I would like to see it easier for new initiatives, new projects, new documentation to be formed here. Not elsewhere.

I think the basic problem is, and this is not to get personal at all, but the basic problem is that, understandably, Ben has only so much time to administrate this site and no more, and that results in a very conservative approach to building this site, favoring using existing tools, and favoring not doing things that might compromise security.

My personal preference would be for a more radical/experimental/performant approaches. I would even be okay utilizing less secure technologies even if that meant that on occasion we get 0wn3d and have to restore the server from backup. Now that's easy for me to say of course, I'm sitting in California and it's not my time that would be involved in hoofing it over to Boston to restore any machine. I'm just expressing my preference for using technologies that work today, as opposed to waiting for an OpenACS solution. But I'm wandering now....

Should the community of developers be responsible for how the site looks and operates? That's risky, but I say yes.

Do barriers to community participation exist? I don't know. It might just be my perception. We might run a poll to find out. We might just 0wn up that they might exist and stipulate that as a community we don't want them to exist.
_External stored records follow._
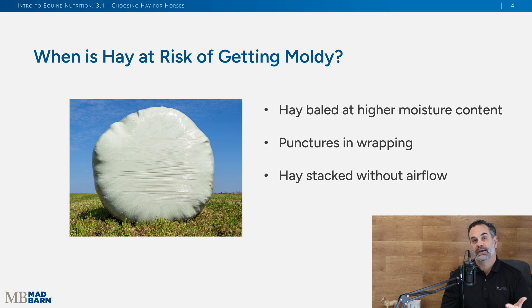Why might hay get moldy? It gets wet, it's not stored properly. If it's baled and wrapped, that wrapping can have puncture holes in it allowing mold to grow. Typically what you see with stacked bales is that the bottom bales don't get much air movement, and if they're not stored correctly they'll get mold — and you don't want to feed that to your horse.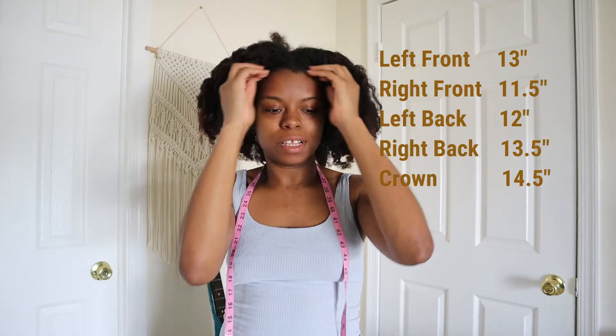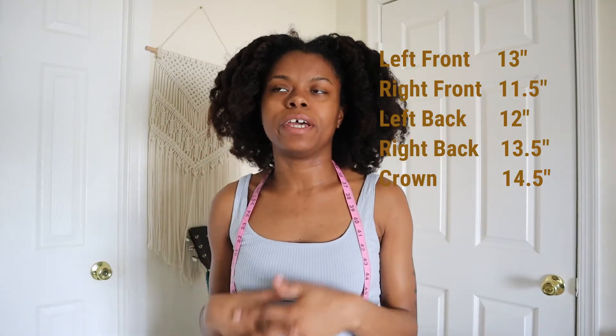Alright, so that's going to be it for the video — here are my measurements. I kind of just wanted to make this video as a way to keep track of my measurements. If you guys are interested in these kinds of videos, I'm probably going to do a six-month update and then a twelve-month update if I can remember to do that.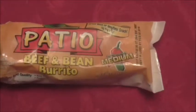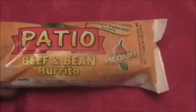What is up YouTube? I am here to try the Patio beef and bean burrito, medium flavor, and this is the first time I'm going to try this one. It says a great meal anytime or anytime snack, zero grams trans fat, and 420 calories in this little burrito. So I'm gonna try this and let you know what I think.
I'll assume that such barriers do exist and that we would prefer to lower them. How? There are many alternatives:

  1. Implement a wiki at this site. Let folks build their own site. Advantages: little apparent effort required from webmaster. Lets site get built using community efforts. Lets projects proceed at the inherent energy of the project members. Disadvantages: the tcl wiki has always felt slow to me. The zope wiki has potential security problems and/or doesn't feel like the zero maintenance answer the webmasters here need.
  2. Use sourceforge for new efforts, and create some sort of project page announcement/signup site over here: https://openacs.org/projects or https://openacs.org/freshmeat. Advantages: good support from sourceforge and it lets developers concentrate on development. PR available from freshmeat. Having healthy support from many projects may increase OpenACS recognition. Disadvantages: dilution of efforts, reduction in apparent momentum at OpenACS, reduction in network effects from registering, participating at OpenACS.
  3. Do nothing. Advantages: secure, and known. Disadvantages: if barriers exist, this does nothing to lower them.
  4. Create a sourceforge module for the OpenACS. Advantages: wonderful. Disadvantages. May have a long wait ahead of us.
  5. Open up this site itself. Create a committee of five to seven with a deadline and the goal of producing a charter and/or bylaws and/or procedural mechanisms for changing this site. Make sure one thing they produce is a mechanism for replacing themselves. Create a new forum for the committee to post potential charters/bylaws/etc. to, that will allow the large community to comment/foment. At the deadline, let the community vote on the various proposals. Turn the keys over at that time.

Is this necessary? Well /directory/browse and emacs tell me that 2581 users have given personal homepage addresses when they registered here. No telling how many are duplicates nor how many folks signed up but didn't give a personal homepage address when they did. It's not absurd to think that with a community of 2581, it might be time to have a more formal organization.

Advantages: a more formal organization may be taken more seriously by the press, by other developers, and not least, by potential users and buyers of our services. A more formal organization may secure better funding, from the aDs, or even the IBMs. Overall, better recognition will do wonders for all of us, from resume enhancement to greater cred from potential buyers. A more formal organization may in fact be more responsive and sensitive to environmental changes than one or two individuals that may not have the time or resources to administer the site. A more formal organization may be more democratic.

Disadvantages: it may be too much overhead at this time. It might be more democratic.

Anyway, those are my thoughts. I favor 5 & 1, then 5 & 4.